• _Exercise goal_:
Copy exactly the lines of the material below that fall between the line with "baja07101_small.jpg" and the line with "برداشت گل آفتابگردان در مزارع خوی", both of those lines included; pictures stay out.
....
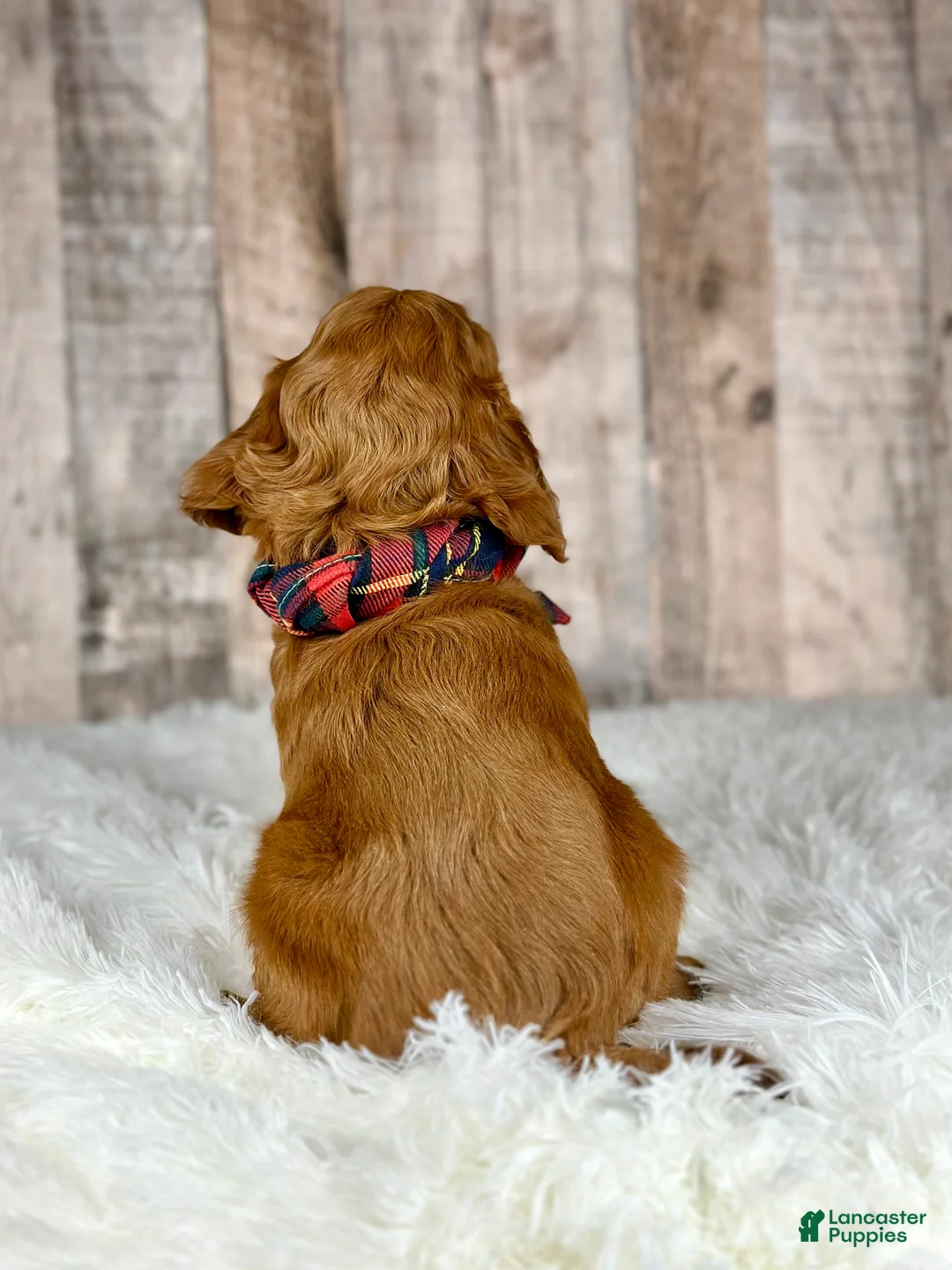 Cavapoo dogs for sale: Girl Dotty - 4936 - Ad 21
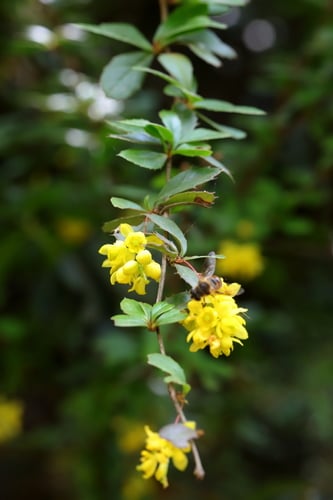 Berberis chitria (Chitra) — photo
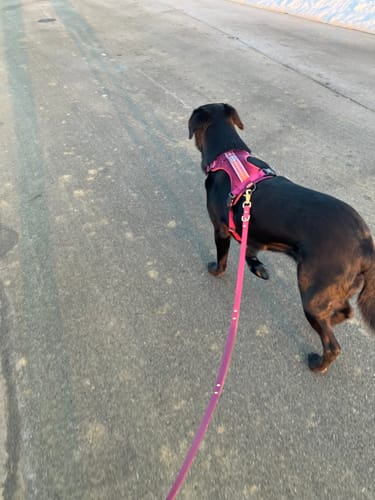 Customer photo review of Biothane Traffic Handle Dog Leash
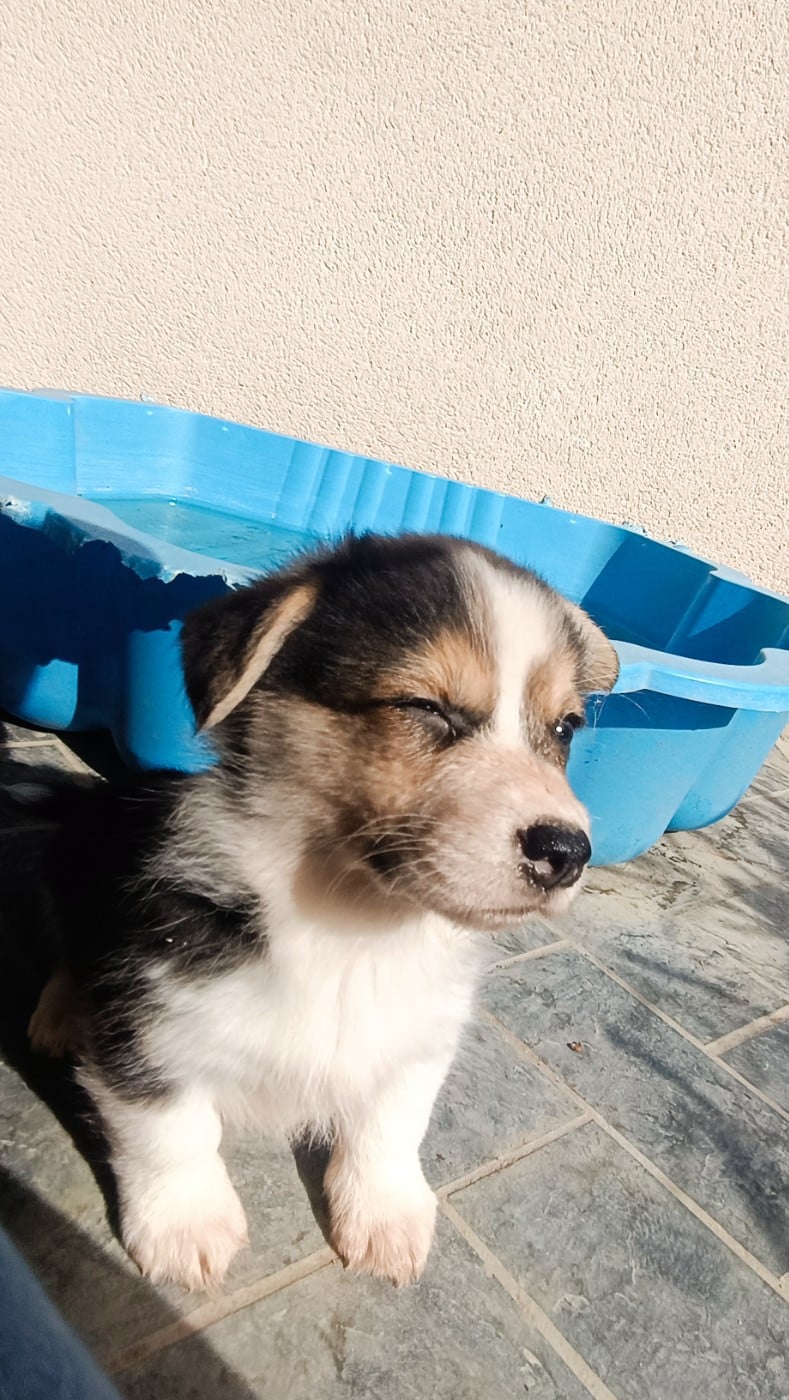 Baxter
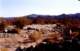 baja07101_small.jpg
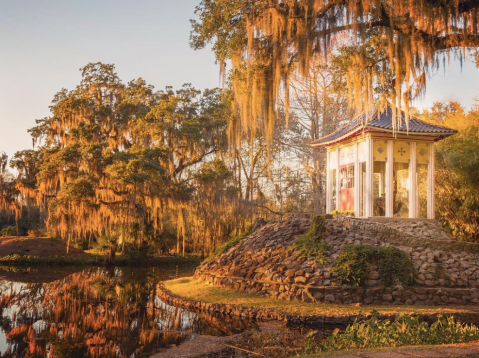 The Landscape In Louisiana’s Jungle Gardens Looks Like Something From Another Planet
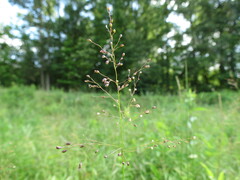 Dichanthelium microcarpon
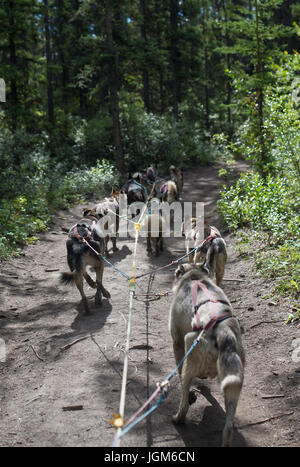 Städtisches Mushing/trockenes Mushing in Alaska Stockfoto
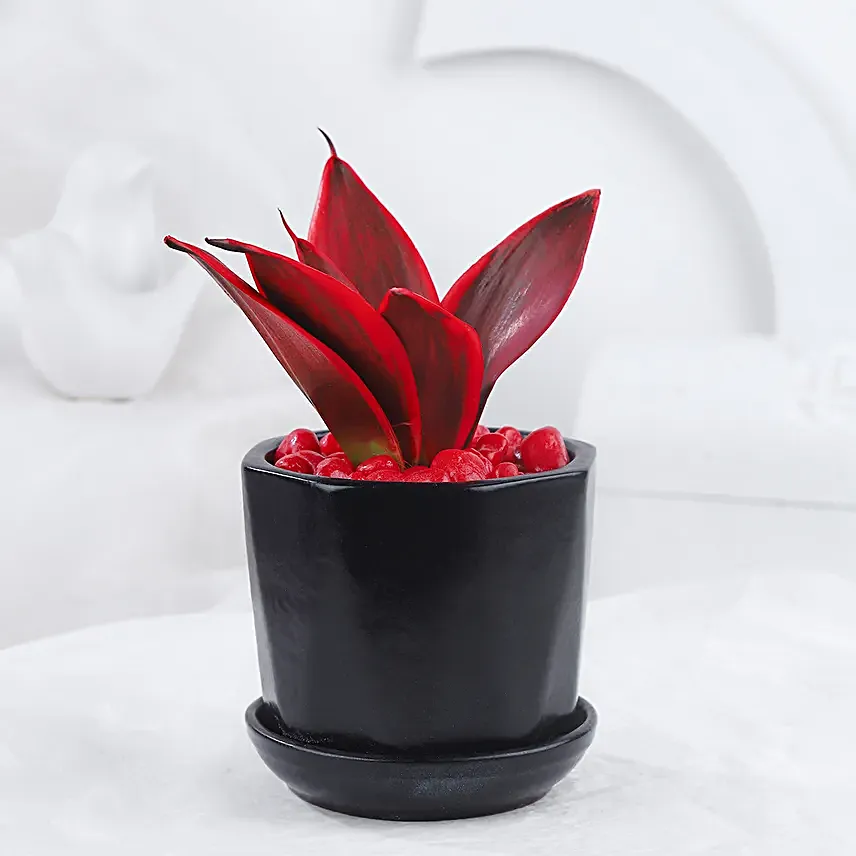 Love Inspired Sansveria Plant In Black Pot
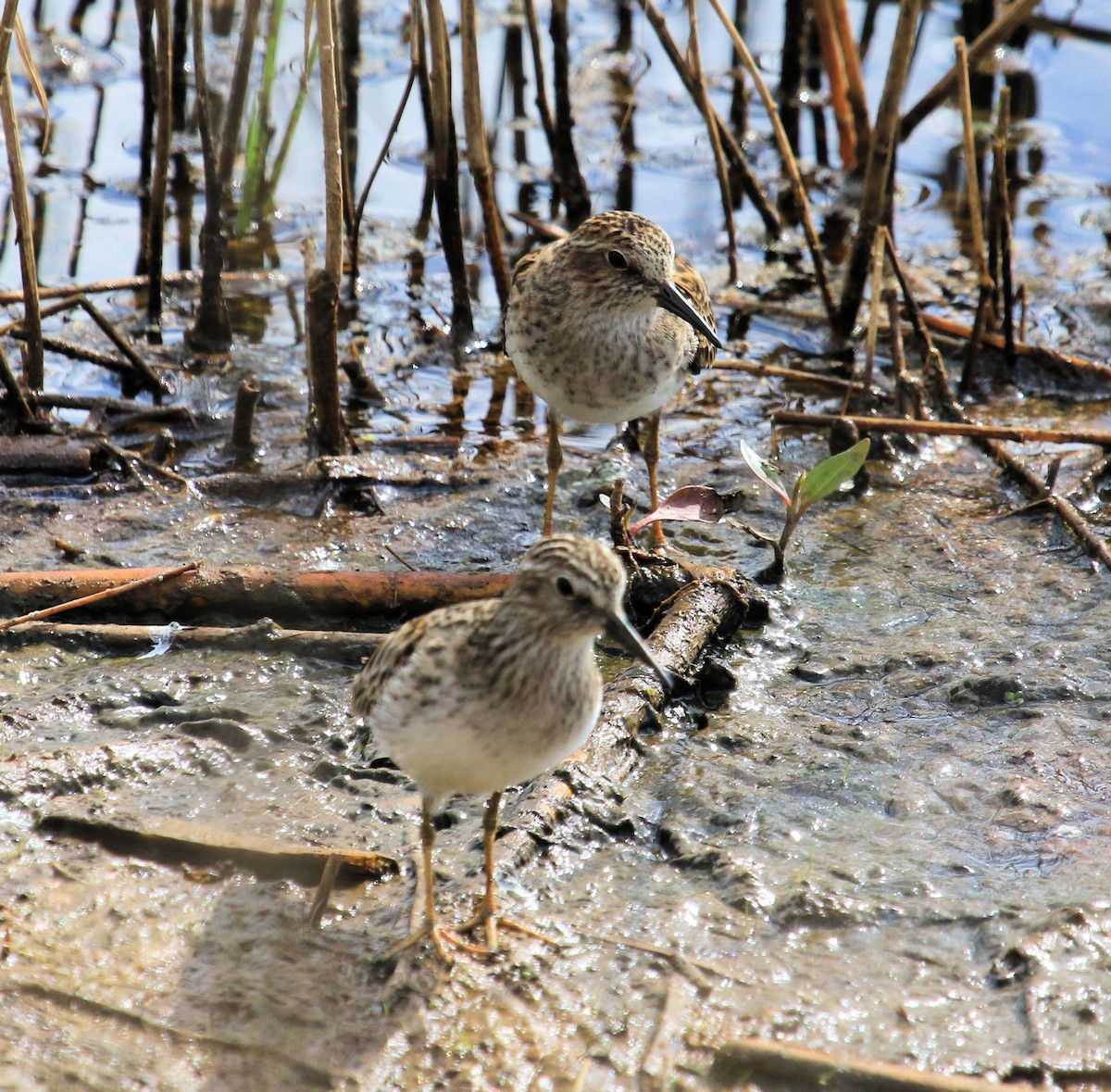 Least Sandpiper - Kernan Bell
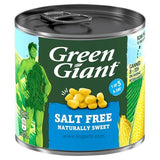 Buy cheap Gg Salt Free Corn 340gm Online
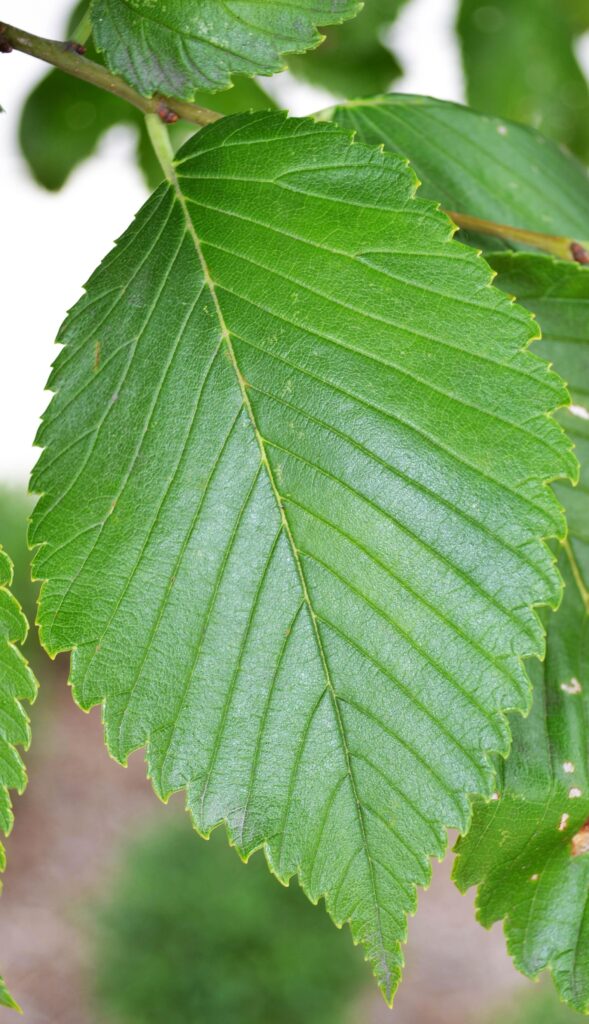 Valley Forge elm tree leaves picture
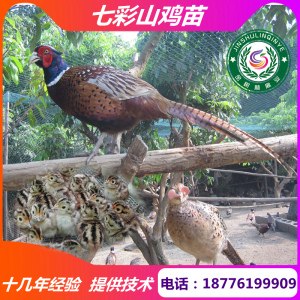 纯种七彩山鸡苗正宗孔雀蓝山鸡活体出壳珍珠土鸡小鸡幼仔活物种苗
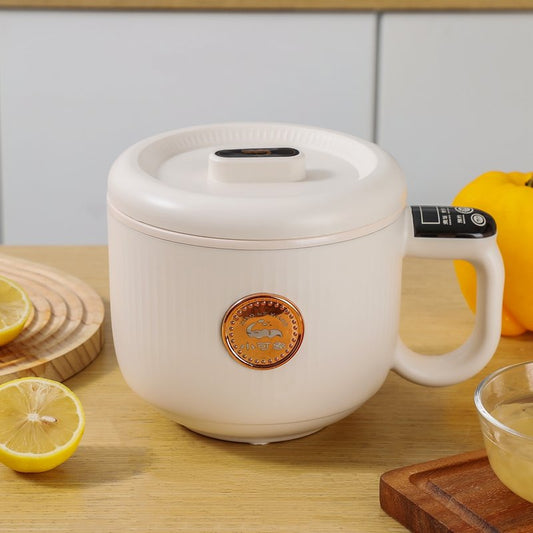 Compact All-in-One Electric Cooker (Copy) TEST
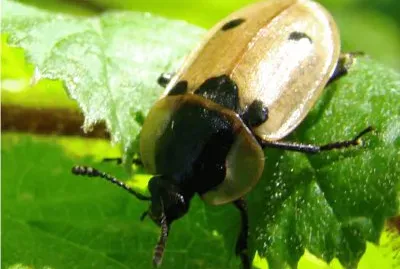 le silphe Ã  quatre points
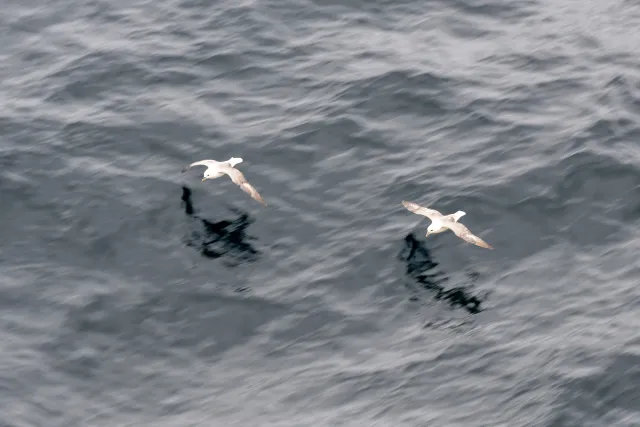 Sturmvögel vor den Shetlandinseln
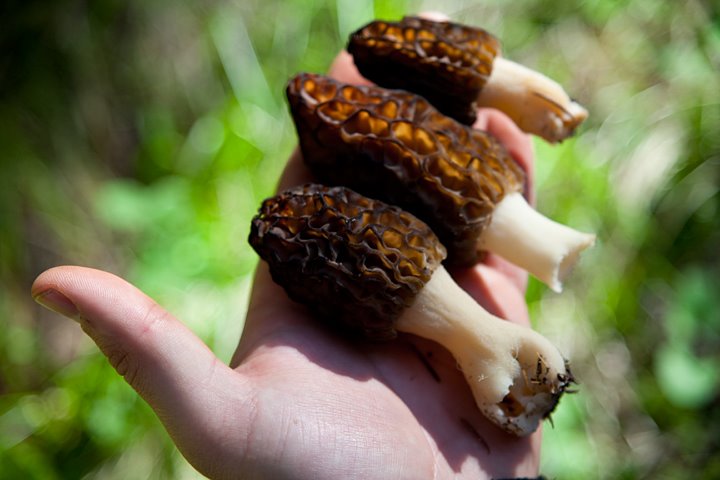morel
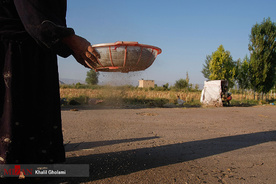برداشت گل آفتابگردان در مزارع خوی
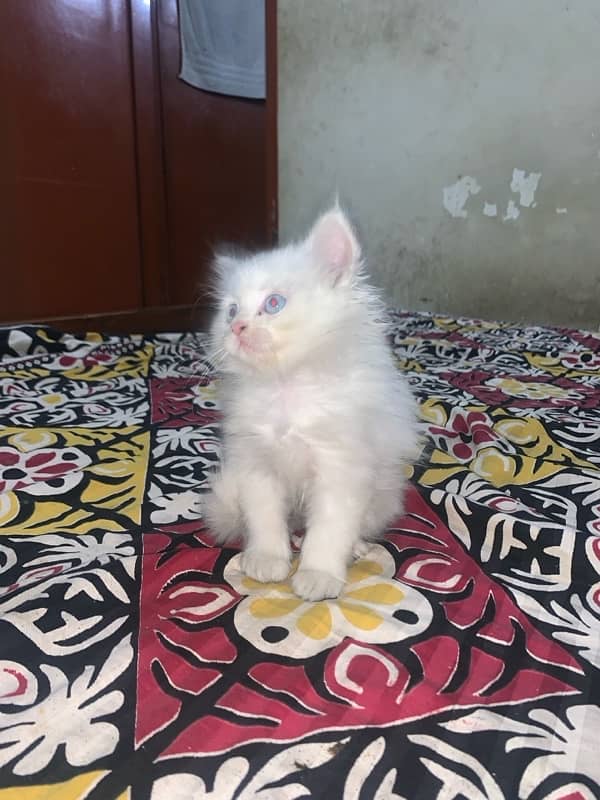 Persian Cat Triple Coat 6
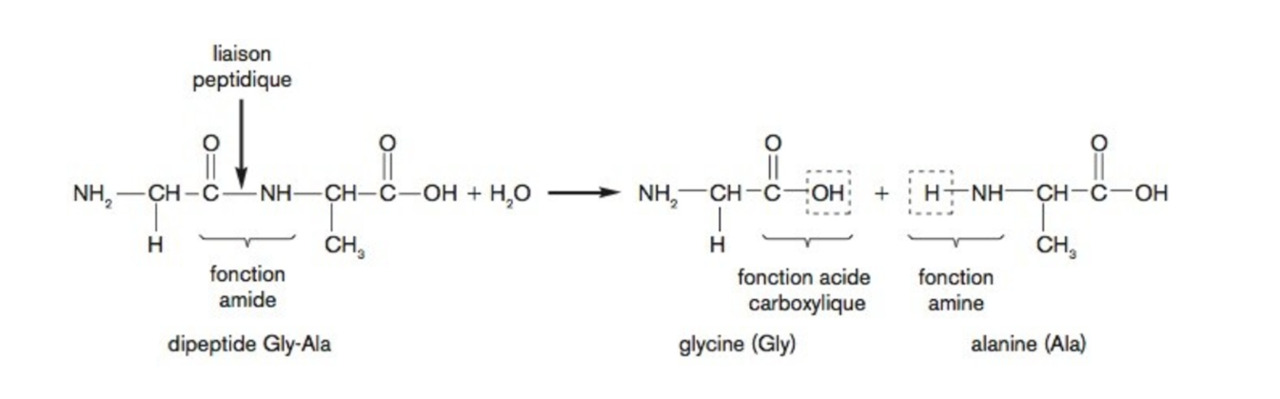 chimie15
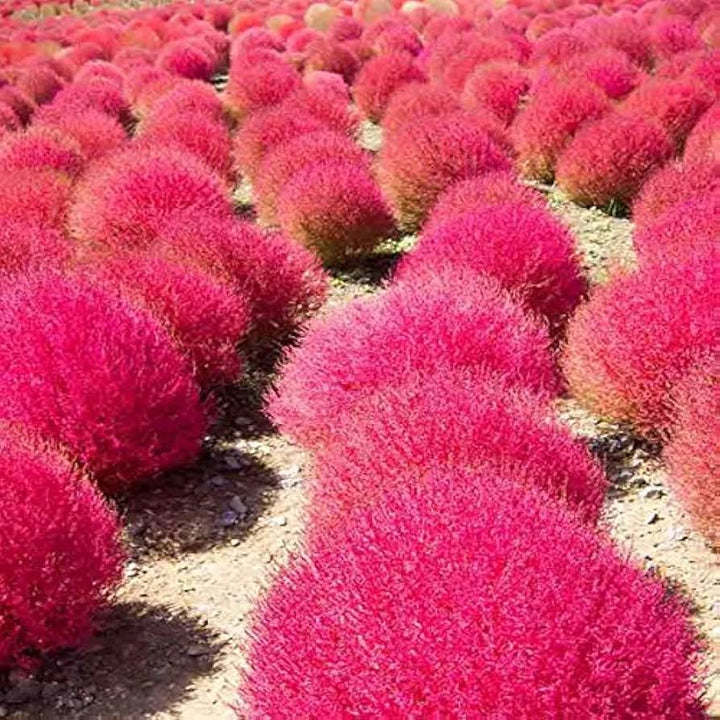 Pink Firebush Flower Seeds for Planting – Premium Heirloom Non-GMO, High Germination Organic Garden Seeds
....
• _Result_:
 baja07101_small.jpg
 The Landscape In Louisiana’s Jungle Gardens Looks Like Something From Another Planet
 Dichanthelium microcarpon
 Städtisches Mushing/trockenes Mushing in Alaska Stockfoto
 Love Inspired Sansveria Plant In Black Pot
 Least Sandpiper - Kernan Bell
 Buy cheap Gg Salt Free Corn 340gm Online
 Valley Forge elm tree leaves picture
 纯种七彩山鸡苗正宗孔雀蓝山鸡活体出壳珍珠土鸡小鸡幼仔活物种苗
 Compact All-in-One Electric Cooker (Copy) TEST
 le silphe Ã  quatre points
 Sturmvögel vor den Shetlandinseln
morel
برداشت گل آفتابگردان در مزارع خوی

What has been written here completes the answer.